Eolo - Perfido - Portrait - 0007 - V2

© Eolo Perfido

Photography Eolo Perfido Camera Leica SL2 with Vario-Elmarit-SL 24-90 f/2.8-4 Asph., APO-Vario-Elmarit-SL 90-280 f/2.8-4 and APO-Summicron-SL 90 f/2 Asph.

For years, the photographer was on a quest for expressive faces: he invited models, actors, as well as strangers into his photo studio – which is among the largest in Italy. The resulting series, titled Glances, is a homage to the classic portrait, a format that is central to Eolo Perfido’s work.

Here the artist talks about how he discovered portrait photography, the kind of person he enjoys having in front of his camera, and how he manages the get the best out of his subjects.

What would you say is the meaning of a portrait?
Each portrait is an approximation. Some portrait photographers try to express daring but sincere opinions through their photographs. They aim to convey something that comes close to the truth. Others see the subject as an ‘actor’ – a way to build characters that often have little to do with the person that is being photographed.

How did portrait photography come to be one of your main areas of focus?
That’s probably because the stories I had in mind always needed people to make them complete. I was born shy, but I learnt to be persuasive in order to become a portraitist. The photographic territory, that temporary space that is created during a photo session, requires a photographer who knows how to control the smallest details with a quick word, a deep look, and the right moments of silence.  

What kind of portrait do you like the most?
I love the classic portrait in all its forms. I am very attentive as to how the anatomy is distributed within the frame because that is the ‘place’ that holds the gaze. When I create a portrait together with my subject – after all, a portrait is made by two people – I pay a lot of attention to details. Most of my time is dedicated to accompanying my subject in the search for a pose that will evoke a certain feeling, or a sense of poetry. The body is the root of the composition. 

In your view, what makes someone a good portrait photographer?
The best portraitists are those who change after every portrait because the encounter has transformed them. The lesser ones are those who always take the same portrait, regardless of the subject they are photographing, in search of an often vague image that has haunted them for years.

What are the qualities of a good subject?
Beauty, grace and intelligence. The ability to control their body, and a desire to indulge in the looks.

How would you describe your approach to your subjects?
I like to bring my subjects into my world. In order to do so, I ask them to play a character. I try to awaken or discover their acting ability. In that sense, their contribution is fundamental and very personal. A portrait is always created by two people, and what emerges is unique each and every time. I like to think of my photography as a movie that has been synthesised into a single frame.

For Glances, you photographed a number of Italian celebrities. How did this come about?
The portraits in this series are the results of both assignments and independent sessions spanning the past few years. I invited actors and models, but also strangers, to pose in my studio. I have a particular fondness for actors.
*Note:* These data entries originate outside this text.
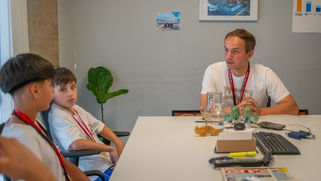 Abella recibió a dos jóvenes campanenses que se clasificaron al Mundial Junior de Karate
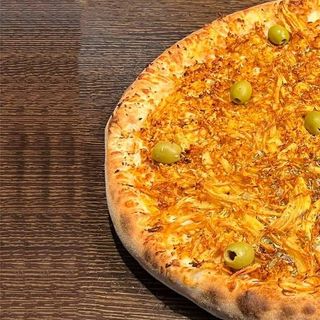 Pizza de Frango com Orégãos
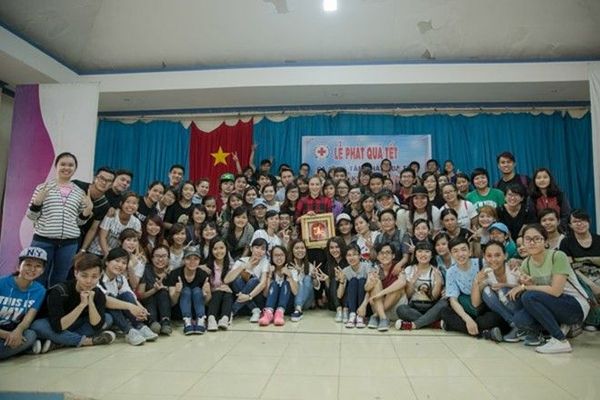 Mỹ Tâm và fanclub của cô trong chuyến đến thăm và tặng quà cho bà con nghèo khuyết tật tại Huyện Châu Thành, tỉnh Tiền Giang.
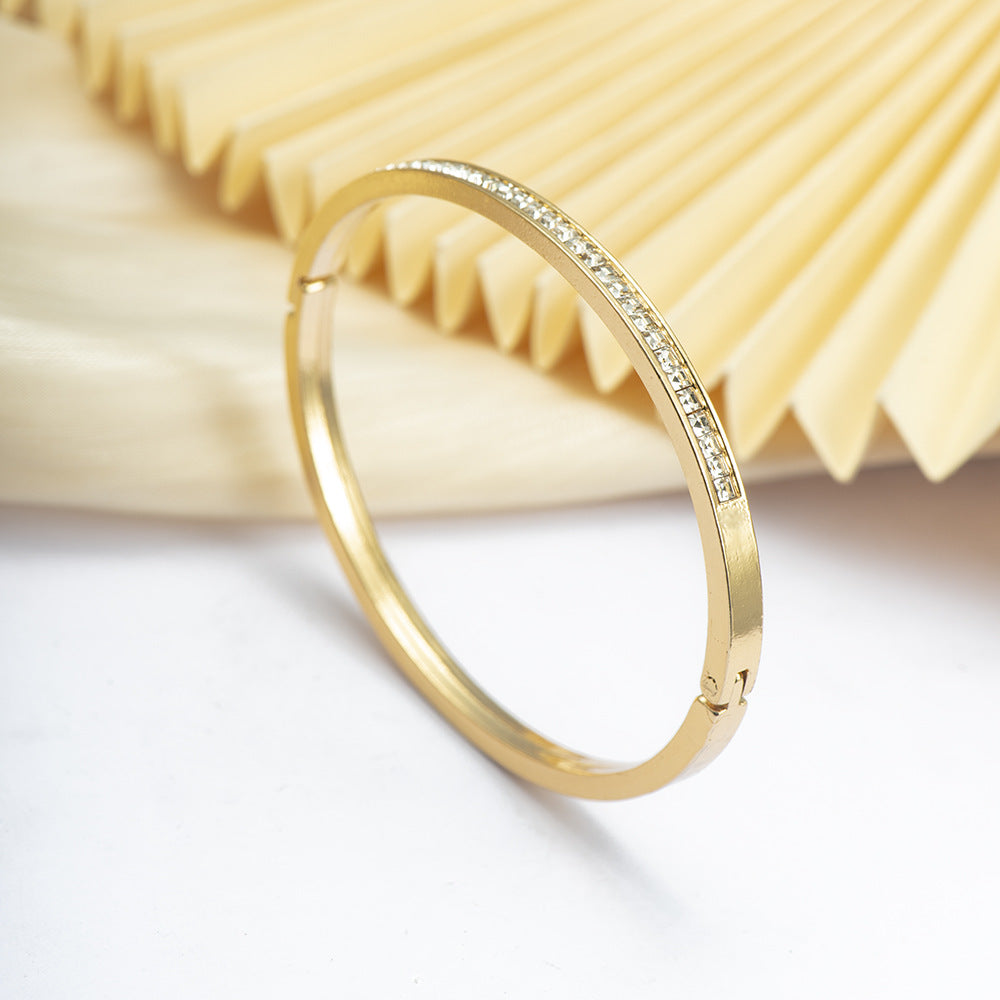 Classy Slouchy Women's Square Diamond For Jewelry Accessories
Their ability to immerse themselves and convey so many different attitudes is a treasure for any portraitist.

What do you especially appreciate about working with actors?
Their ability to transform themselves, like a chameleon that changes according to the context. In this case, the context is the photographer and the situation he has built. However, never assume that actors aren’t shy in front of the camera. Making a film and posing for a photograph are two very different things, there are different emotions involved.
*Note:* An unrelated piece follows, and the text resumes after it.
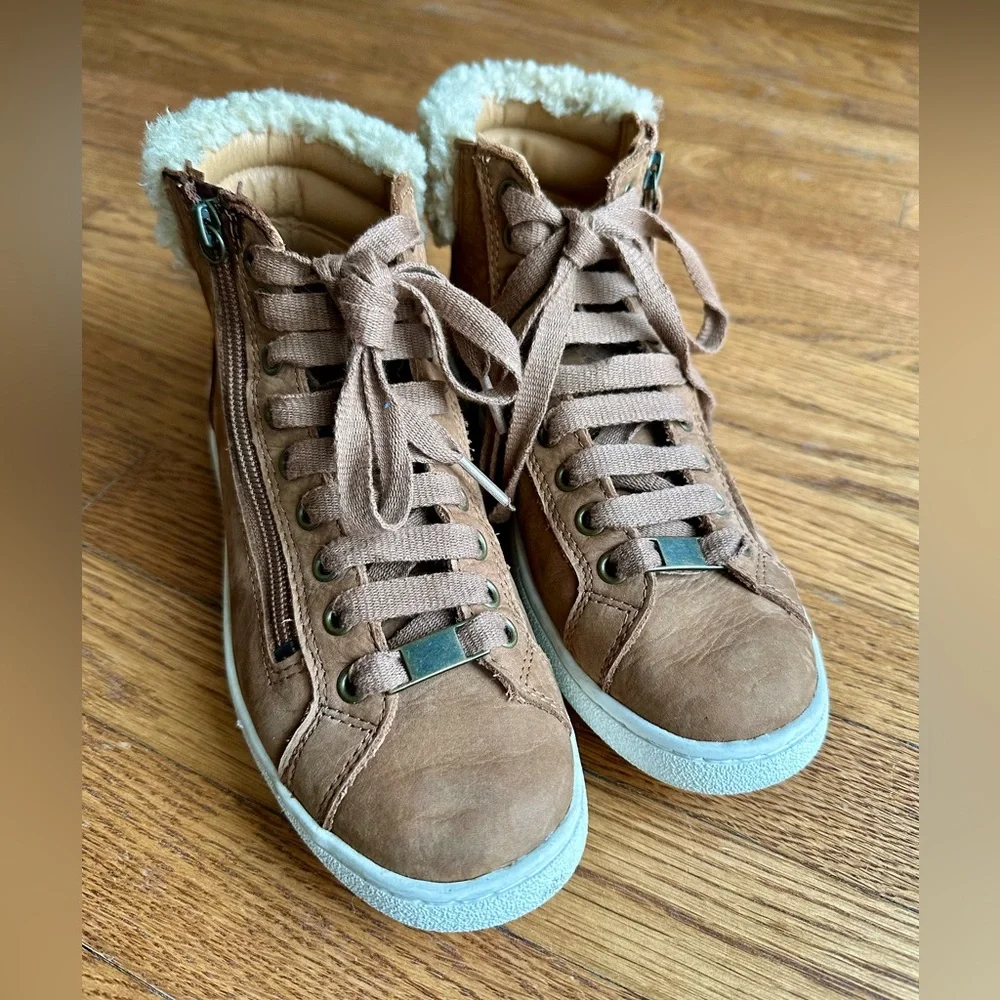 UGG High-Top Sneaker - Women’s 6.5 (US) - Picture 4 of 12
Who did you work with in terms of makeup, hair, accessories etc. and what do you appreciate about your collaborators?
If I can, I always work with the same professionals, some of whom have followed me for over twenty years. I would like to mention the makeup artists Domenico Sanna, Mauri Menga, Valeria Orlando and Elvira Toffoli, my studio manager Antonella Catanese, as well as my collaborators Fabio Timpanaro and Lorenzo Razzino, and my studio assistant Flavia Castorina. Without their help, their vision and professionalism, I would have created less refined images.

In terms of cameras, what is your favourite working tool?
I own several Leica Camera systems – the SL, Q2, M10 and CL. I chose the Leica SL2 for my studio work for several reasons. The first is reliability. I have never been let down by a Leica. For someone who is often presented with once-in-a-lifetime opportunities to photograph celebrities, a camera’s reliability in all conditions is a fundamental requirement. As for the SL2, I love the rendering of the files. I don't know if it's the lenses with their three-dimensionality or the sensor, but the images I get are always wonderful. It's difficult to put into words, but it has to do with volume, colour dynamics and high ISO behaviour.

Your images have a cinematic look – your use of light is exceptional. What can you tell us about the significance of light in your work?
If the subject is the raw material with which the photographer constructs the portraits, the light is the ink with which the photographs are written. I am an advertising photographer, so I had to learn to work with the most complex types of illumination.

What type of lighting appeals to you the most?
When I’m shooting portraits, I prefer to keep it simple. Like the great masters of the early twentieth century, I love to work with a single source of light, which can be ambient or  artificial. I generally like to work with consistent lighting because it allows me to see the changes of the light on the subject’s face in real time, and I can modify the direction and intensity with a fluidity that really helps the cinematic dynamics of my portraits.

How would you like your images to be perceived, and how would you describe the purpose of your photography?
Photography is a conversation. Each person will see something different. In this flow of visions, the photographer positions himself as a privileged interlocutor. I'm not looking for a univocal vision – instead, I like to think of my images as generators of very different narratives according to the observer.